C’est ici que nous rencontrons l’une des principales lacunes du modèle du processus politique, non pas tant parce qu’il ne s’applique qu’aux mouvements qui prennent l’État pour cible, comme l’affirment Goodwin et Jasper (2004 : 11), mais plutôt parce qu’il néglige les effets potentiels d’une structure des opportunités non politiques ou non étatiques. Au-delà de la dimension discursive et culturelle de toute structure d’opportunités (cf. Gamson et Meyer, 1996), on peut supposer, en effet, qu’il existe autant de structures d’opportunités qu’il existe de catégories de cible. Le sens et l’importance d’une cible donnée — une entreprise, une université, etc. — découlent de l’espace institutionnel dans lequel elle est encastrée. Par exemple, prendre une entreprise donnée pour cible n’a de sens et de valeur que dans le cadre d’un marché précis qui conditionne les forces et les faiblesses de cette entreprise ainsi que les options à sa disposition et la façon dont elle est susceptible de réagir. La structure des opportunités à laquelle sont confrontés les acteurs est ainsi tributaire de l’espace institutionnel au sein duquel leur cible et eux-mêmes évoluent. Dans la lignée d’Armstrong et Bernstein (2008) et d’autres auteurs néo-institutionnalistes (voir, entre autres, Friedland et Alford, 1991), nous faisons l’hypothèse d’une coexistence de multiples espaces institutionnels au sein d’une société donnée.
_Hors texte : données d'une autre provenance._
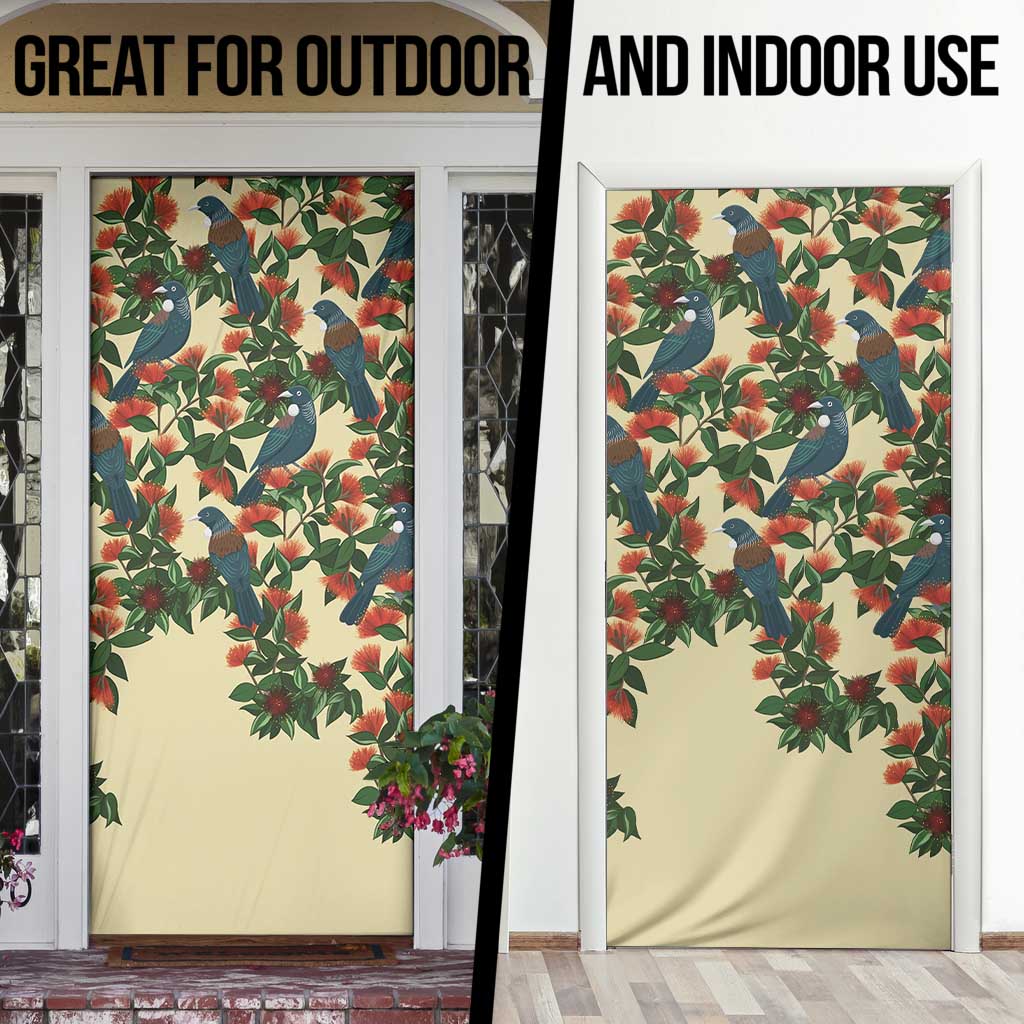 New Zealand Christmas Door Cover Romantic Tui Birds on Pohutukawa - Ivory - Aussie Hoodie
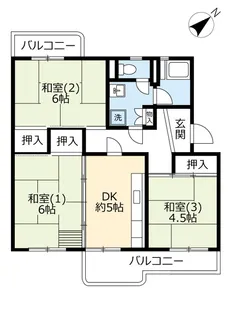 UR洛西新林北【3階】の間取り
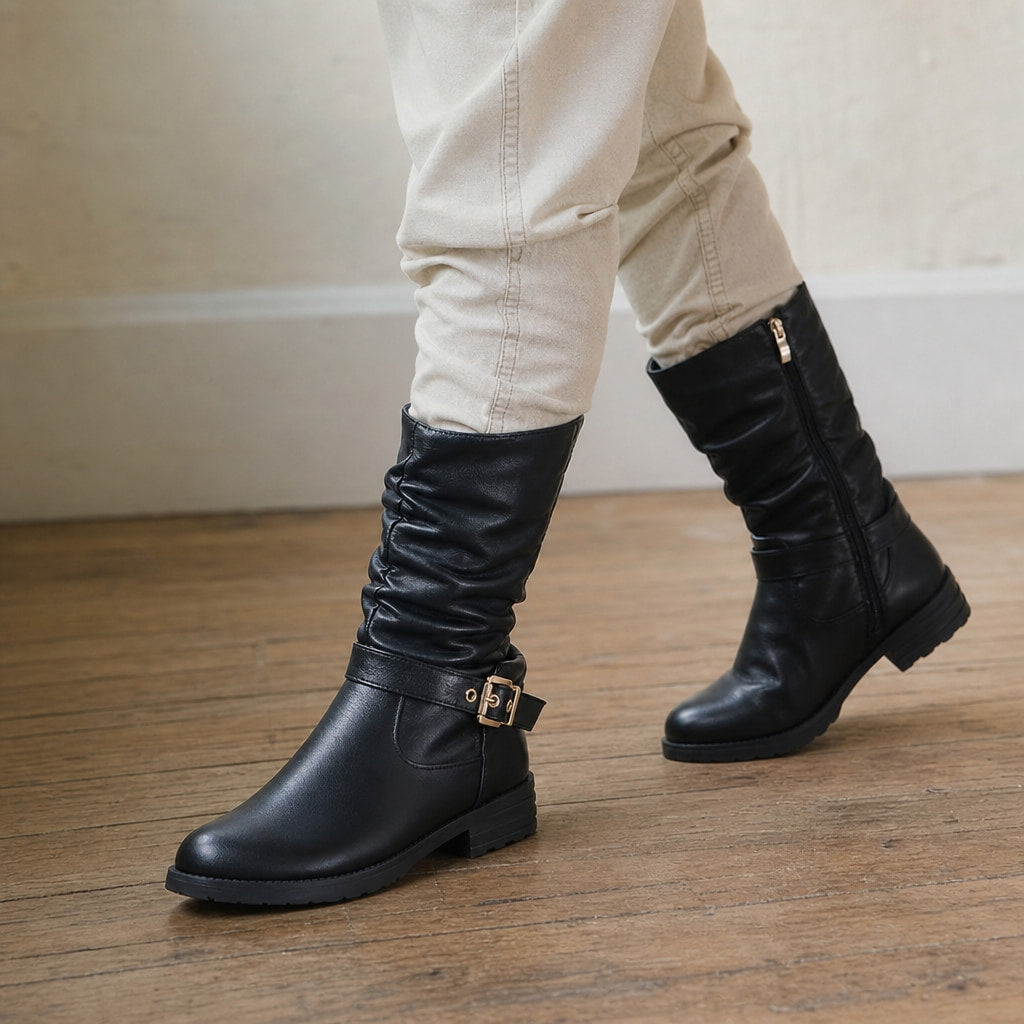 Elegant And Buckled Mid Calf Boots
Aussi, plutôt que d’affirmer la primauté de la structure des opportunités politiques, il convient d’examiner empiriquement la façon dont de multiples structures d’opportunités — politiques (au sens d’étatiques) ou non — sont encastrées les unes dans les autres et mutuellement constitutives.

Il est important d’insister sur le fait que nous ne cherchons pas ici à souligner l’existence d’une structure d’opportunités politiques à niveaux multiples qui reflèterait une articulation entre des structures nationales, transnationales et internationales. Plusieurs auteurs ont déjà étudié l’interaction entre de telles structures (voir Marks et McAdam, 1996 ; Meyer, 2003 ; Rodriguez-Garavito, 2007), mais leurs considérations se sont limitées à la structure des opportunités étatiques et interétatiques. La primauté revient toujours au système politique, qu’il soit défini en termes nationaux ou supranationaux, et ce, quelle que soit la cible des mobilisations. Bien que nous reconnaissions les effets structurants du système politique, nous voudrions nous attarder sur la structure des opportunités qui modèle les mobilisations prenant pour cible des pouvoirs non gouvernementaux.
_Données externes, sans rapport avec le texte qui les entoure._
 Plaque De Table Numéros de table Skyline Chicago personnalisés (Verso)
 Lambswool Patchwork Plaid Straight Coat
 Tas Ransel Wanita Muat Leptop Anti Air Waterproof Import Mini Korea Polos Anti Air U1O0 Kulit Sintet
Nous pencher sur d’autres types de structure d’opportunités n’implique pas que nous abandonnions la logique explicative du modèle du processus politique. Bien au contraire. Quoi qu’en disent ses détracteurs et en dépit de son manque de constance empirique, ce modèle a le mérite de nous indiquer de façon relativement précise un nombre limité de facteurs à prendre en compte pour expliquer l’émergence et les modes d’action privilégiés des mouvements sociaux. Dans le modèle du processus politique, comme nous l’avons remarqué plus haut, ces facteurs sont tous liés à l’État et au système politique. Cependant, leur logique est transposable à d’autres contextes ou structures. La SOP a un effet sur les acteurs dans la mesure où elle facilite ou empêche l’action collective et la canalise. On peut très bien imaginer que des facteurs non politiques jouent un rôle similaire.
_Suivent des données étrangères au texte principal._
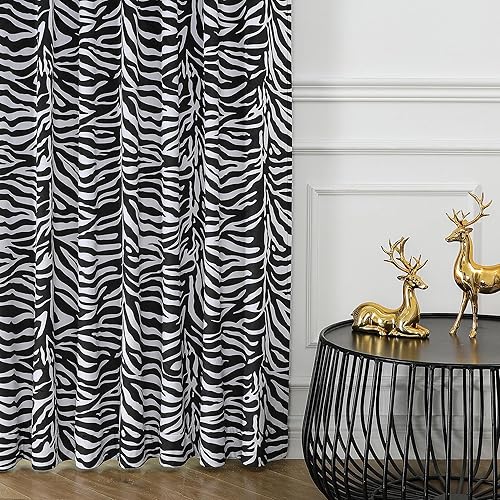 Miniatura 7 de OWENIE Cortinas opacas totales para dormitorio de 84 pulgadas de largo, 2 paneles de cortinas de terciopelo con estampado de cebra para sala de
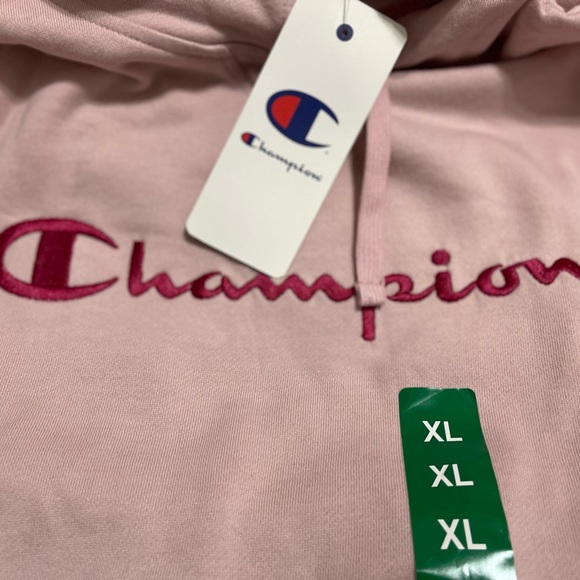 NWT Women’s Size X-Large Champion Drawstring Logo Embroidered Hoodie Hush Pink - Picture 6 of 12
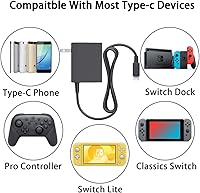Vista 5 de PURBHE Muelle de interruptor con cargador, reemplazo de muelle de interruptor portátil para Nintendo Switch Dock Switch Adaptador HDMI, fuente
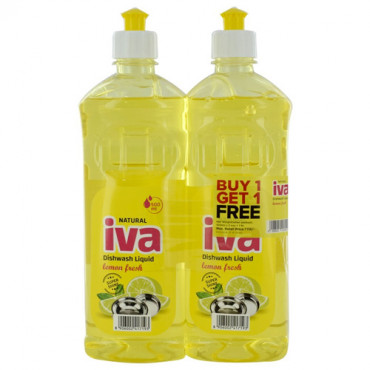 Iva Dishwash Liquid Lemon Fresh 500ml (Buy 1 Get 1)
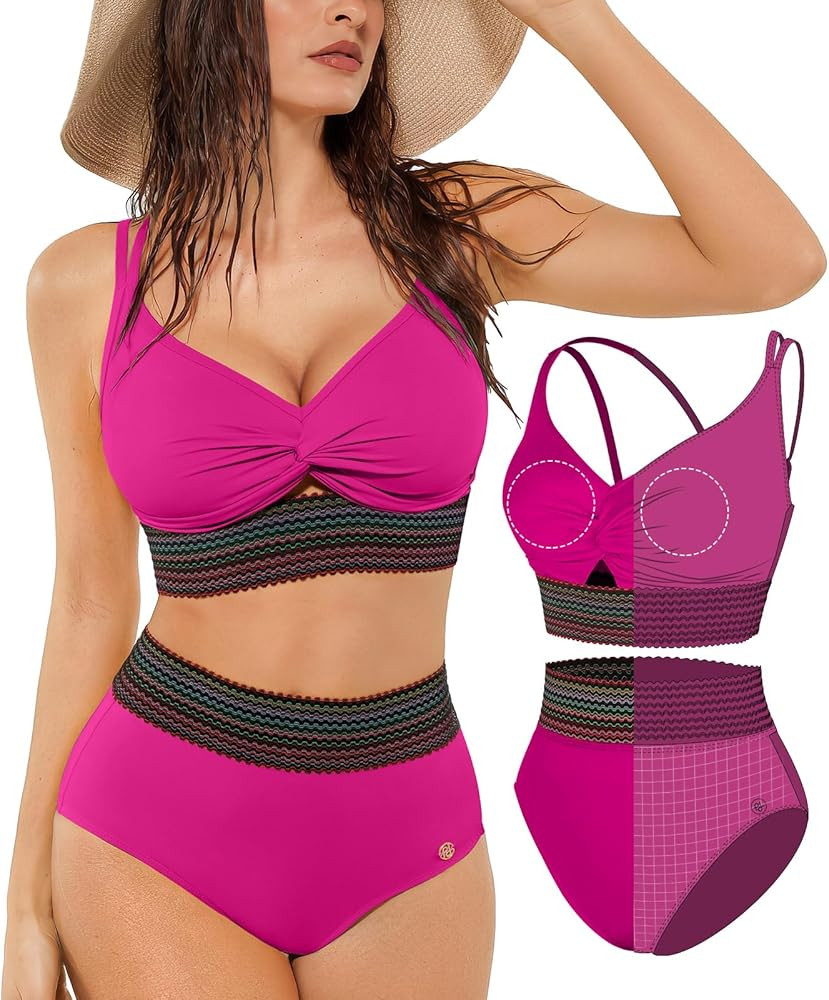 Popilush Tummy Control Swimsuits for Women - High Waisted Bikini Sets Shapewear with Boho Trim 4 ... | Amazon (US)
Par exemple, Walker, Martin et McCarthy (2008) ont récemment comparé des États et des entreprises sur la base de leurs forces et de leurs faiblesses respectives ainsi que sur celle de leur capacité institutionnelle à réprimer, à faciliter et à banaliser un mouvement social[8]. Ils soulignent que les entreprises, contrairement aux États, ne permettent pas à leurs membres — et encore moins aux non-membres, les outsiders — d’accéder au processus de prise de décision ; ils remarquent également que les entreprises sont vulnérables aux efforts de délégitimation (à cause de l’importance de leur réputation) et disposent d’une capacité répressive très limitée car elles peuvent licencier leurs employés mais pas leurs clients ni les citoyens. Selon Walker, Martin et McCarthy (2008), ce mélange de fermeture, de vulnérabilité et de faible capacité répressive encourage les militants à adopter des modes d’action radicaux et disruptifs lorsqu’ils prennent les entreprises pour cible. Ainsi, la structure des opportunités générée par les entreprises modèle l’action des militants selon une logique similaire à la dimension statique de la SOP décrite plus haut (État fort/faible, stratégie d’inclusion/d’exclusion).

La démarche de Walker et ses collègues ouvre de nouvelles pistes de recherche mais néglige la dimension dynamique de la structure des opportunités. Or, celle-ci est essentielle pour expliquer pourquoi un mouvement donné se développe à un moment plutôt qu’à un autre. De plus, Walker et ses collègues laissent entendre qu’il suffit de se pencher sur les interactions entre un mouvement social et sa cible, tout en gardant un oeil sur l’État et le système politique, pour comprendre les tactiques des acteurs et la dynamique des mobilisations. Ce faisant, ils minimisent totalement les effets de la concurrence entre organisations au sein d’un même mouvement social ainsi qu’entre un mouvement et un contre-mouvement (voir à ce sujet Meyer et Staggenborg, 1996).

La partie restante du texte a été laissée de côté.